En fait, comme l’indique le professeur Douglas W. Tallamy dans son ouvrage «Bringing Nature Home», vous aimez probablement plus certaines plantes exotiques pour une raison bien spécifique : elles sont souvent, malheureusement, magnifiques. Aussi, ces plantes ont probablement été sélectionnées pour la raison même de leur mauvais goût pour les insectes! La chimie des plantes est très différente si celles-ci viennent d’ailleurs et ne sont pas liées par ordre, famille ou genre à aucune plante locale. La raison est simple: l’entomologue explique dans son ouvrage que ces insectes n’ont pas les enzymes nécessaires pour digérer cette plante.
Par exemple, le papillon monarque a pris des millions d’années à developper une relation symbiotique avec sa plante-hôte, l’asclépiade.
Cette différente chimie qui rend les plantes inutiles aux insectes, donc aux oiseaux, est remarquable dans des plantes dont les membres de leur famille n’existent pas ici naturellement, comme le Troène commun.
Troène commun / “Privet” (Ligustrum vulgare)
D’apparence inoffensive, cette plante n’a pas de cousins ici.
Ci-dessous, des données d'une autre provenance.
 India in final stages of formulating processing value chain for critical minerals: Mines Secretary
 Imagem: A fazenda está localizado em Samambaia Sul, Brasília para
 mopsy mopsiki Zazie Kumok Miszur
Les insectes ne peuvent donc pas manger cette plante, dont les fruits s’échappent dans les bois pour y remplacer la flore avec l’aide des oiseaux. Dans le guide « Cultivez-moi à la place », on y recommande deux substituts non-dommageables à l’écosystème: Le houx glabre (Ilex glabra) et le Cornouiller rugueux (Cornus rugosa).
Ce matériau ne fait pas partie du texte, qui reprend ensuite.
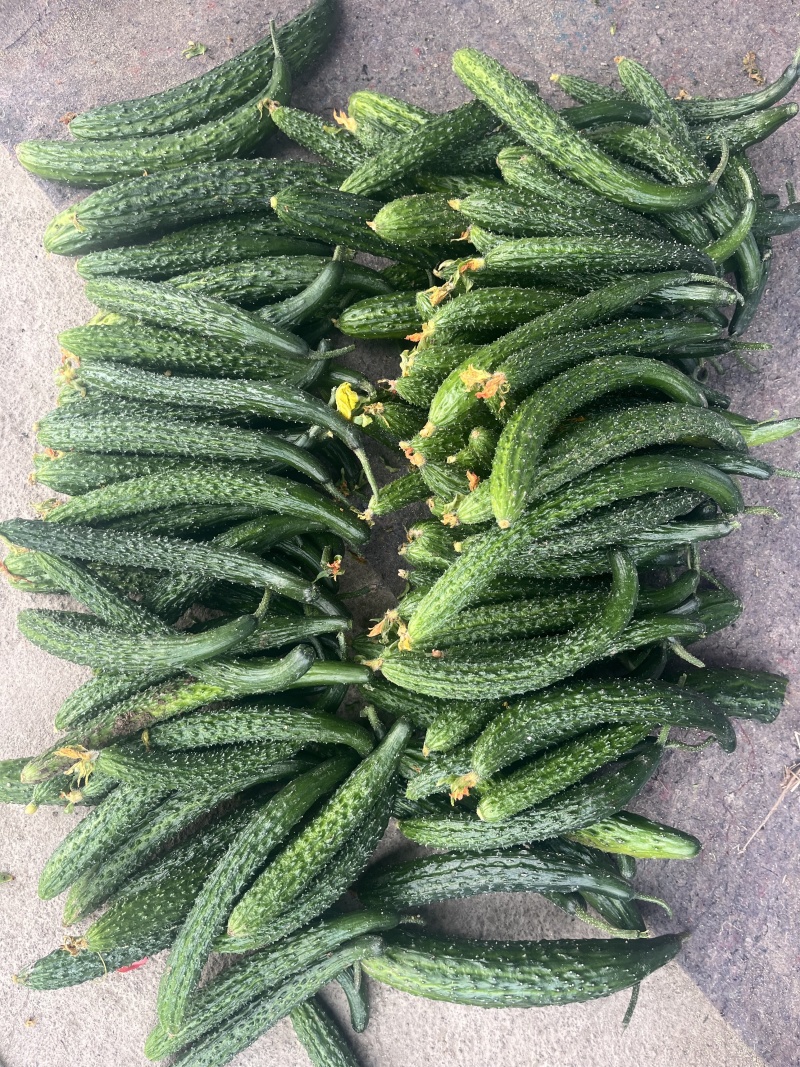 食堂黄瓜每天几百斤，坐标兰陵，离的近的考虑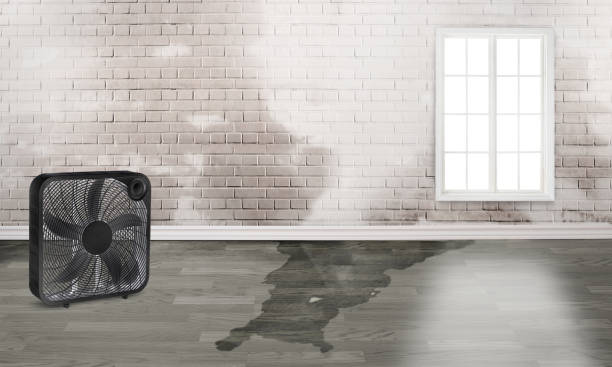 Best 24-hour water damage restoration  in Lawrence, MA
En lisant le guide, vous pourrez constater une cinquantaine d’autres plantes comme celle-là qui causent des ravages dans nos écosystème.
Comme certains d’entre vous le savent maintenant, j’ai grandi dans les bois comme beaucoup de monde au Nouveau-Brunswick, et je constate en visitant plusieurs lieux (même dans les Maritimes) que la biodiversité indigène végétale est une chose précieuse et risque d’être remplacée par une canopée et un sous-bois de plantes envahissantes si on ne fait pas attention.
En lisant le guide, on lit que même nos plantes indigènes sont menacées par des insectes ravageurs. On pense à l’agrile du frêne, le puceron lanigère de la pruche (Hemlock Woolly Adelgid) et au champignon qui a tué nos précieux maronniers d’Amérique. Sans compter les autres qu’on n’a pas encore… Mais ça c’est une histoire pour un autre jour.
Je me réjouis que ce guide a été publié, et j’espère que vous jardinerez pas seulement intelligemment, mais aussi pour un meilleur avenir!